I saw my first Batman movie when I was 13. I’m (almost) 45 now. That’s 32 years of Batman. It’s not so much a monomyth as an information system. Jim Gordon, Catwoman, Joker, Riddler, Penguin, corrupt cops, Alfred, malaise, out of control gang violence, exhaustion, weariness, fist fights, ambushes, and a feeling that none of it matters. I wasn’t bored. I was taxed. I was browbeaten.
200.
The James Bond films—I’m not a fan, I really kind of hate them, but I’ve seen almost all of them—reboot with new actors in the role and, often, a different tone and a different setting. Bond gets shuttled to New Orleans, Mexico City, Scotland, Budapest. Each new actor brings a different persona to the role, from glib and campy to brutal and louche. Doesn’t Batman need something similar? Aren’t we ready for some kind of break from this routine, the feel-bad humdrum misery of municipal failure?
201.
I’d like to see a film about Bruce Wayne attempting to live a normal life, fighting with his alter ego, the two of them at odds with each other, fighting for control. I’d like to see a movie where Batman might be the problem, not the solution, from the point of view of the honest city workers trying to do their jobs. I’d like to see a movie where one of his proteges becomes his arch-nemesis. I’d like to see anything, really, other than a failed city overrun by gangsters, with Batman there to pummel them into submission.
202.
Beth (getting into bed with some work undone): Well, you know what this means, I’m saying fuck you to future Beth.

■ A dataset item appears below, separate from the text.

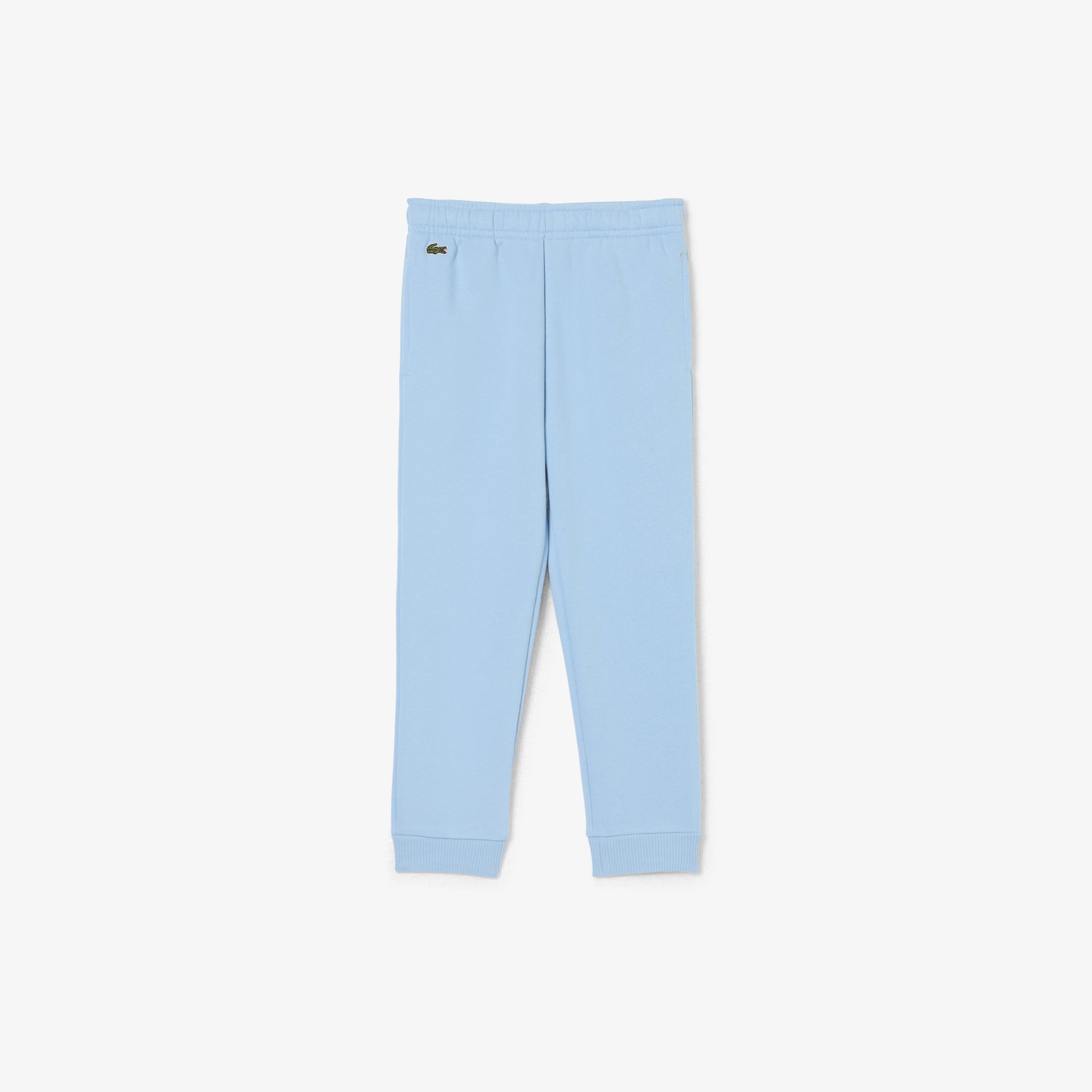 Lacoste Kids' Fleece Sweatpants - 6 Years In Blue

Me: You have an army of your former selves conspiring against you.
Beth: I hadn’t thought of it that way.
Me: It’s why things are so hard. And your present selves never seem to side with future you. Future you is always alone.
Beth: . . .
203.
Beth: The real enemy is the conceptualized self. This is the you that operates inside the story you’ve told yourself about yourself. The accrued beliefs you have in your successes and failures. It’s the you that passes judgment on your lack of accomplishments. It’s the enemy.
Me: That would be a great novel. A woman’s conceptualized self manifests as a different person, and they start fighting for control. . . . There aren’t any female doppelganger novels or movies that I can think of. You could make a million bucks.
204.
I watch Ikiru, a movie I’ve been avoiding for twenty years, the story of a bureaucrat who realizes he’s wasted most of his life just as he’s diagnosed with terminal cancer. It’s astonishing, full of more life, more humor, more mystery, more darkness, more thrills than all the Batman films combined. I’m transfixed by it. It’s the kind of movie that makes you want to live a better life. The perfect antidote to turning 45.